* Data extract:
Start of Block

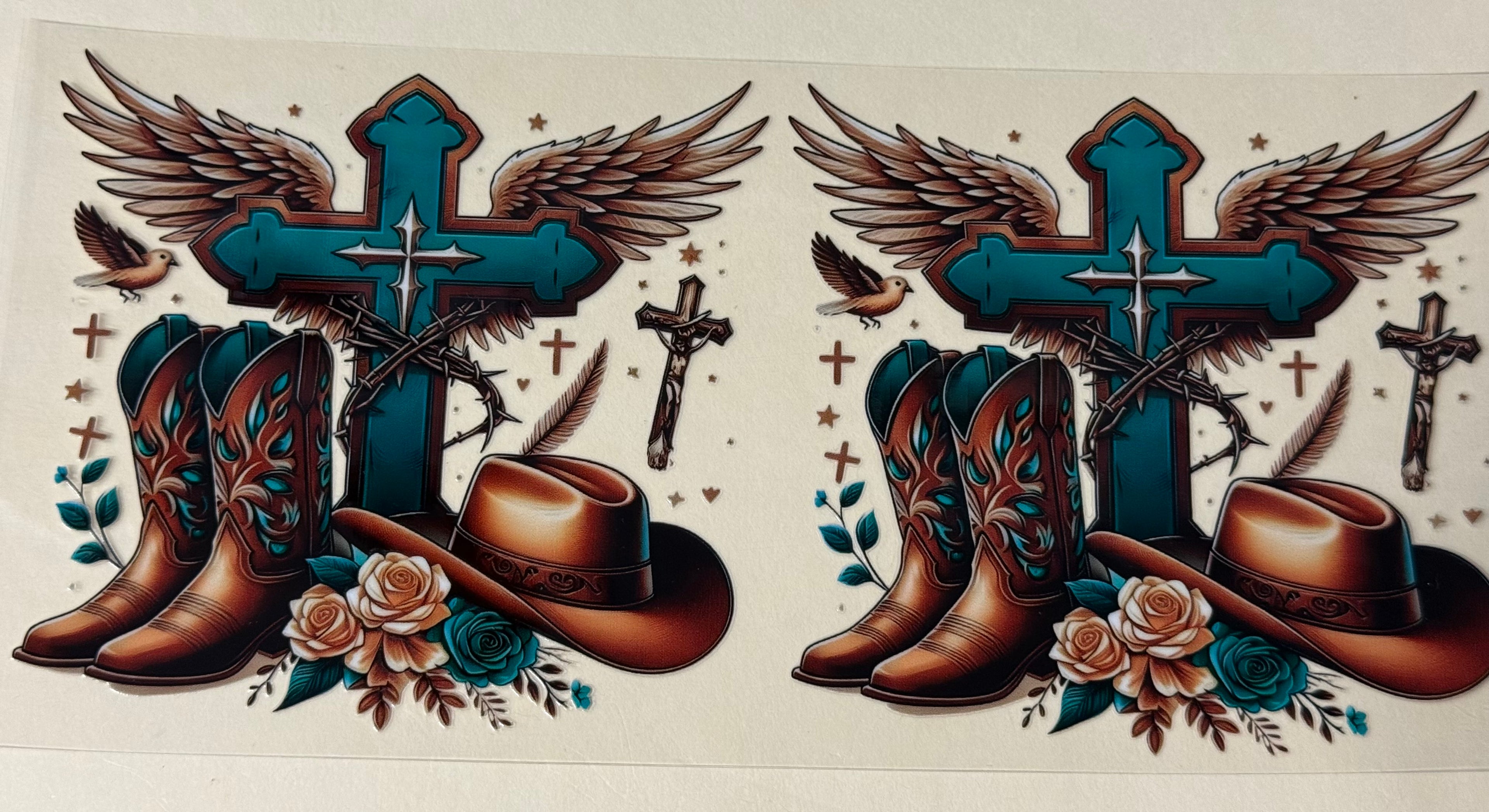 western boots hat and cross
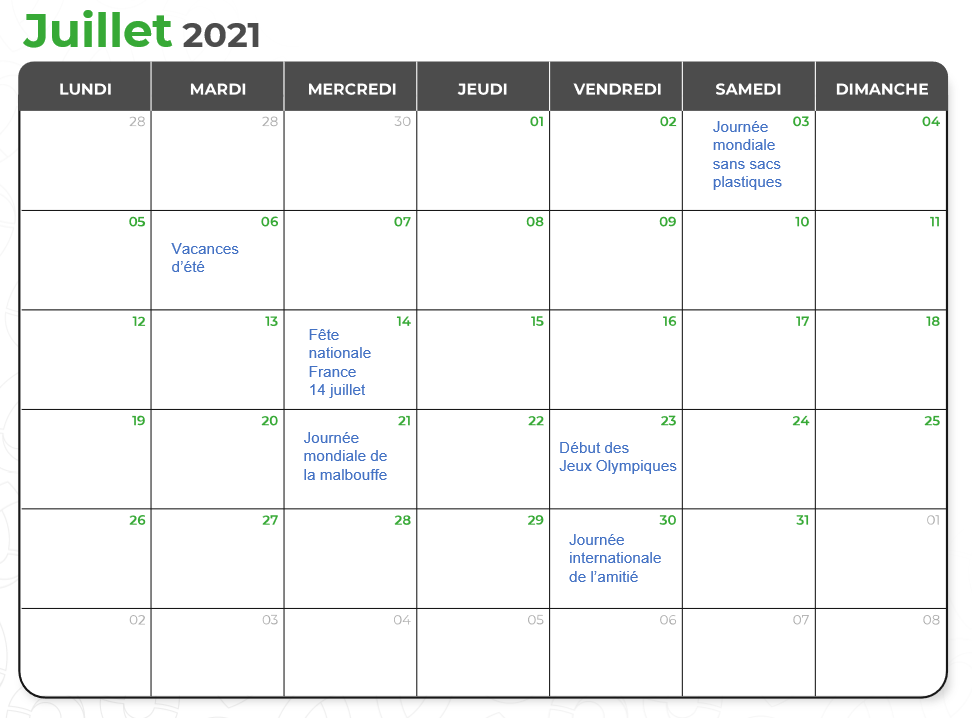 Calendrier marketing juillet 2021 par Val d'Oise Communication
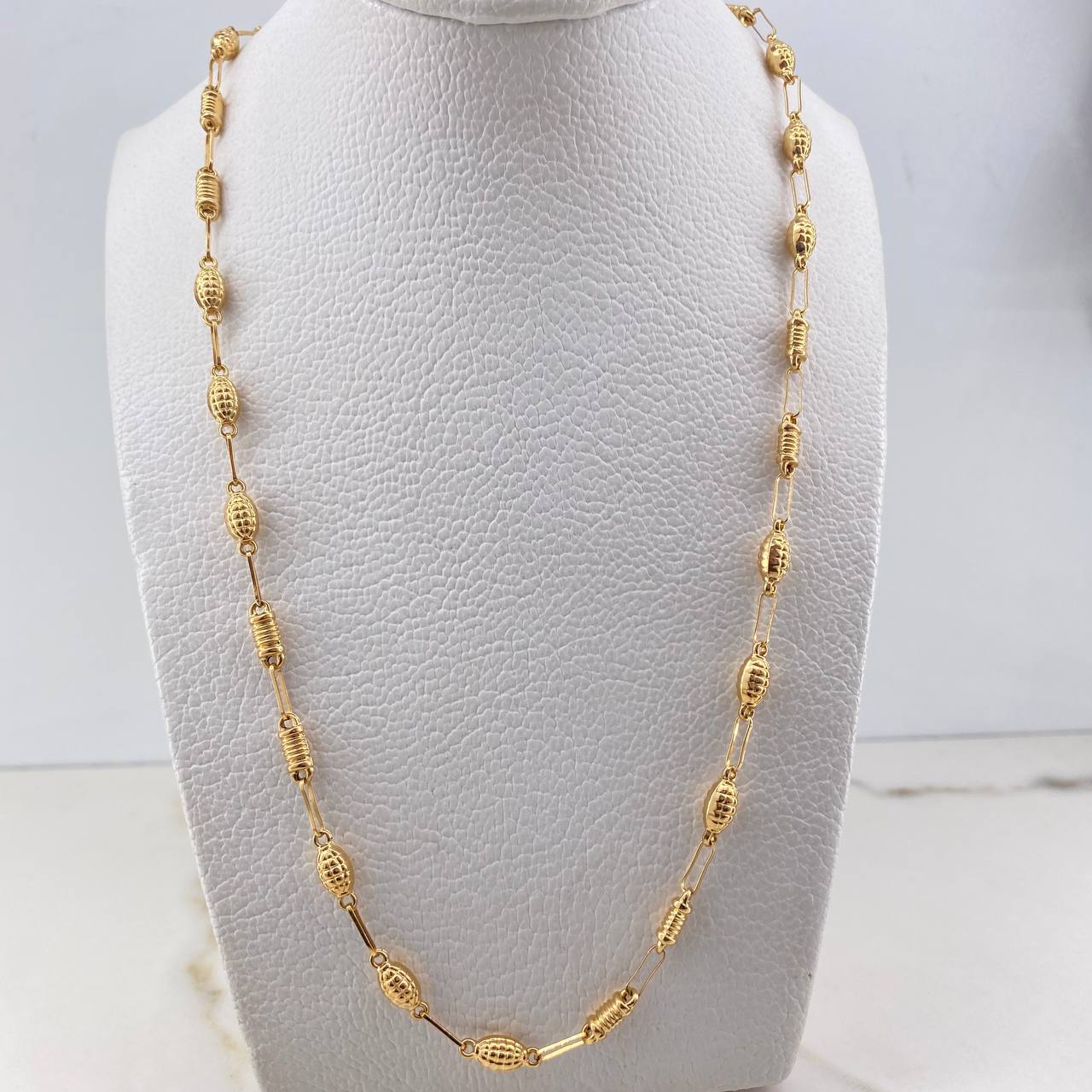 Rustic Chain Granada 8.75gr / 65cm / 5mm Barrel Yellow Gold &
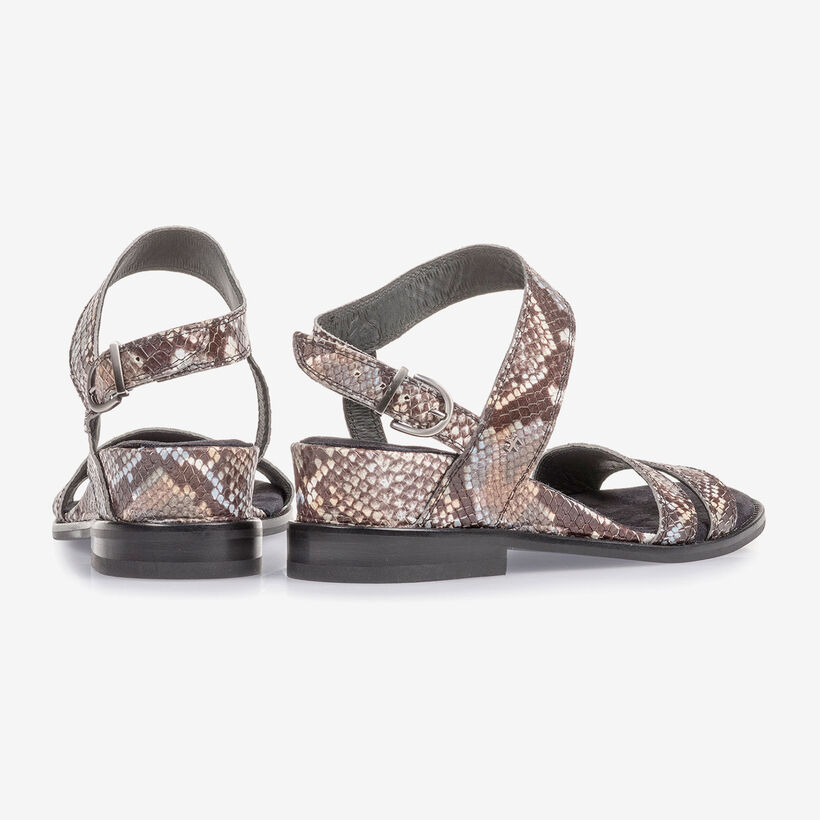 Bruin/witte leren sandaal met snakeprint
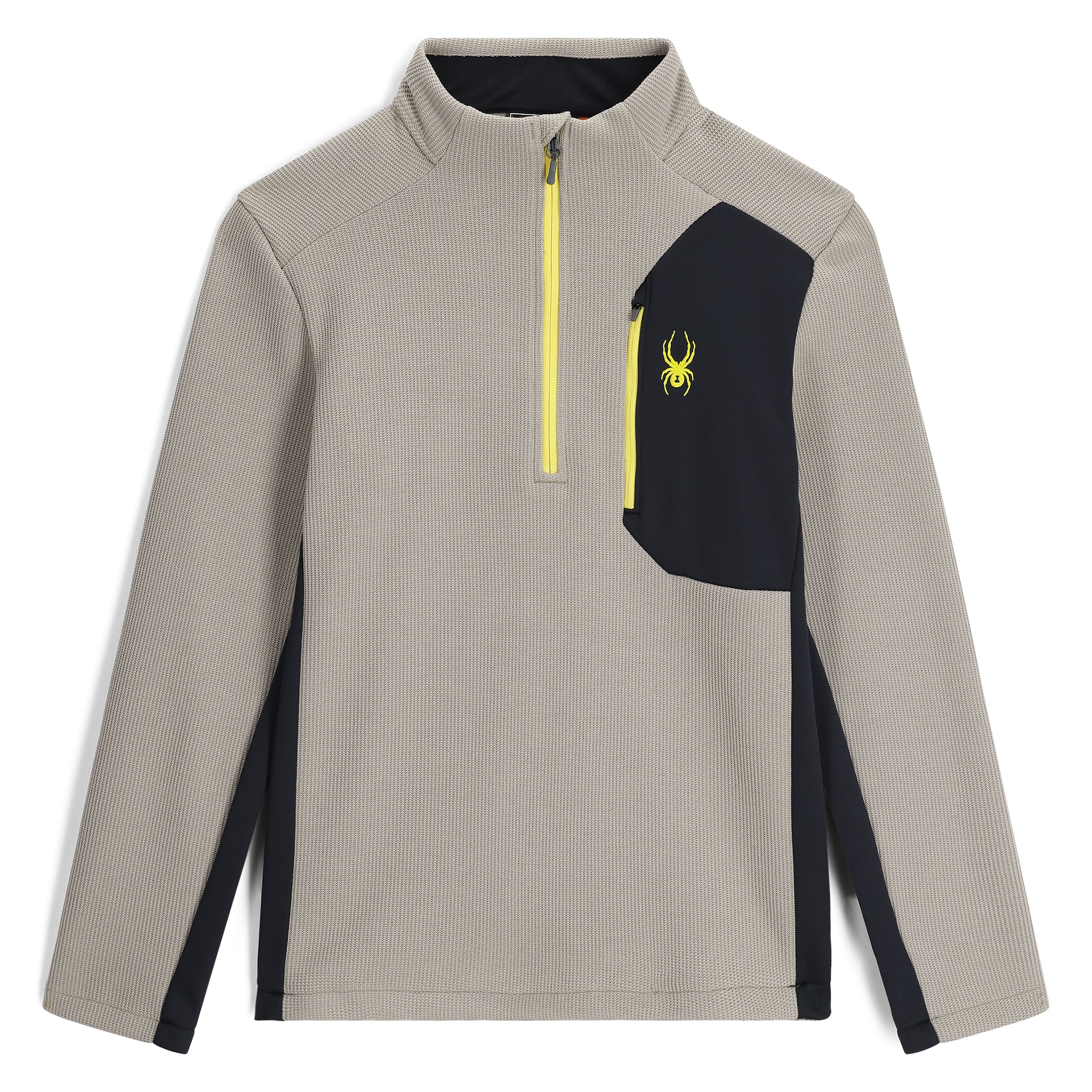 Spyder Men's Bandit 1/2 Zip Top - A black and grey top with a zippered front, featuring a small yellow logo on the left chest area.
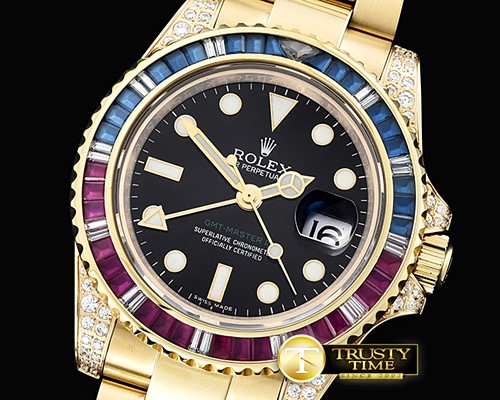 롤렉스 GMT II Red/Blue Rubies YG/YG Blk BP A3186 Mod -ROLGMT119A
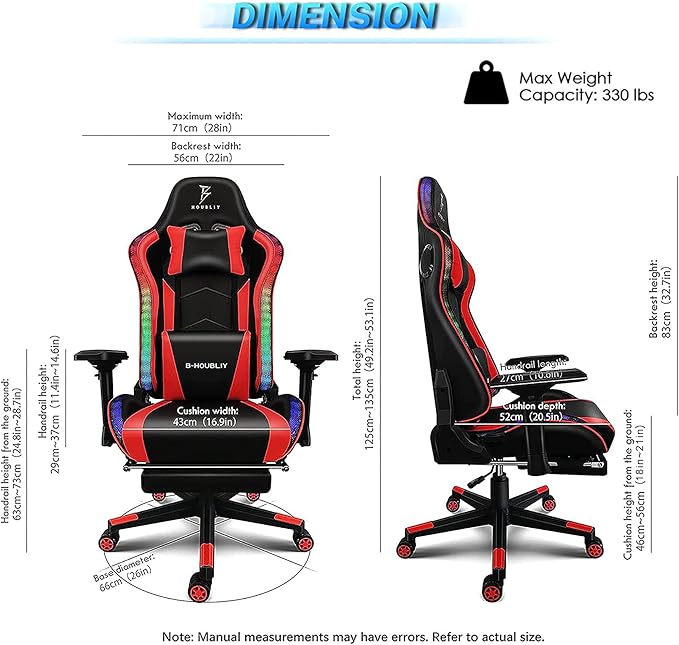 Massage Gaming Chair High Back Office Computer Chair with Speakers and RGB Lights Recliner Chair Music Video Game Chair with Headrest and Lumbar Support for Home OfficePink
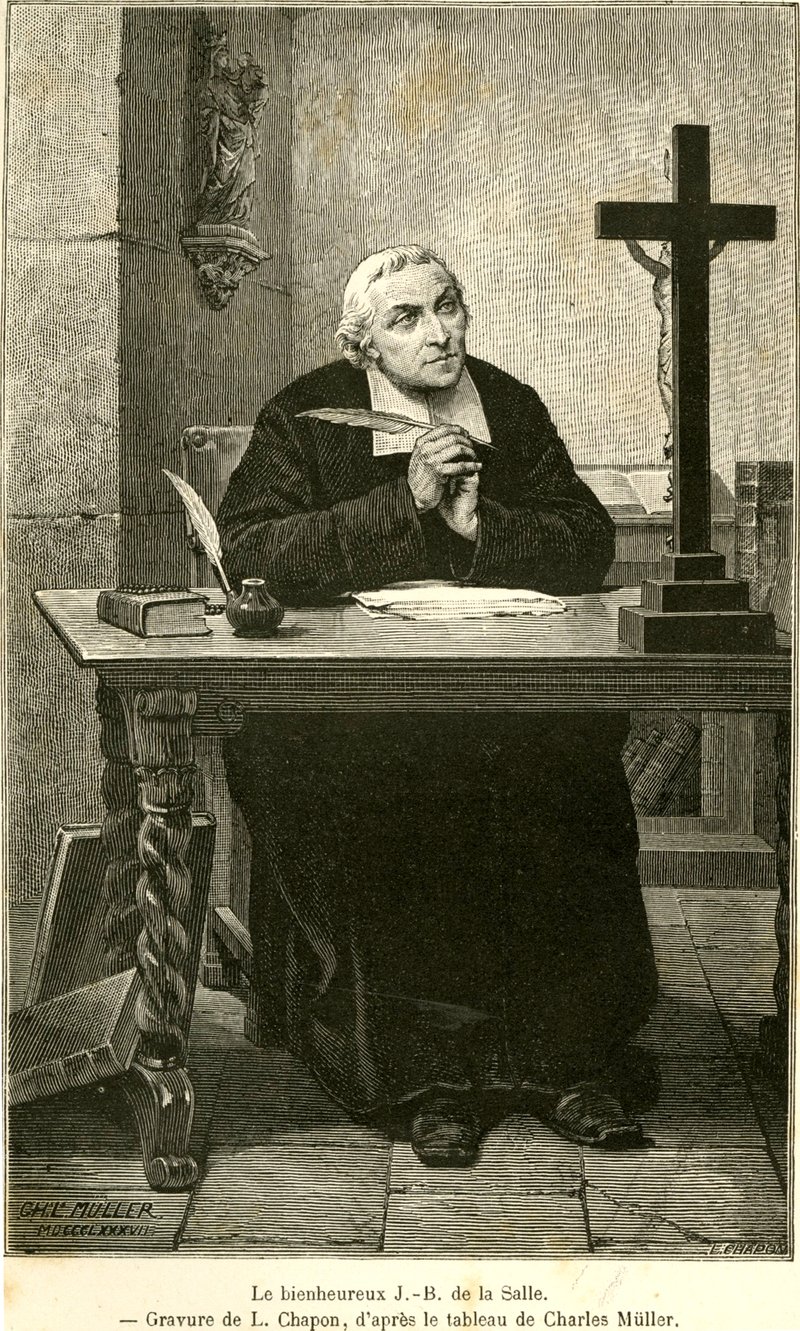 Engraving of Jean-Baptiste de La Salle by Charles Müller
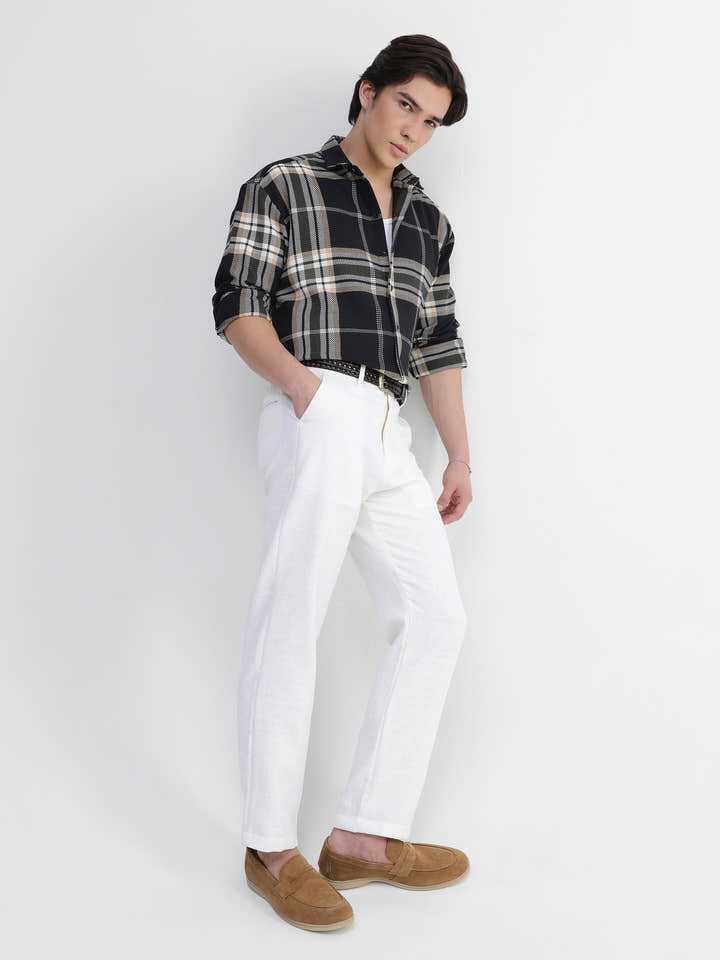 Yarn-Dyed Plaid Oversized Fit Shirt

End of Block

* Task objective: Could you output the entire listing verbatim while omitting its pictures?

* Exercise solution:
 western boots hat and cross
 Calendrier marketing juillet 2021 par Val d'Oise Communication
 Rustic Chain Granada 8.75gr / 65cm / 5mm Barrel Yellow Gold &
 Bruin/witte leren sandaal met snakeprint
 Spyder Men's Bandit 1/2 Zip Top - A black and grey top with a zippered front, featuring a small yellow logo on the left chest area.
 롤렉스 GMT II Red/Blue Rubies YG/YG Blk BP A3186 Mod -ROLGMT119A
 Massage Gaming Chair High Back Office Computer Chair with Speakers and RGB Lights Recliner Chair Music Video Game Chair with Headrest and Lumbar Support for Home OfficePink
 Engraving of Jean-Baptiste de La Salle by Charles Müller
 Yarn-Dyed Plaid Oversized Fit Shirt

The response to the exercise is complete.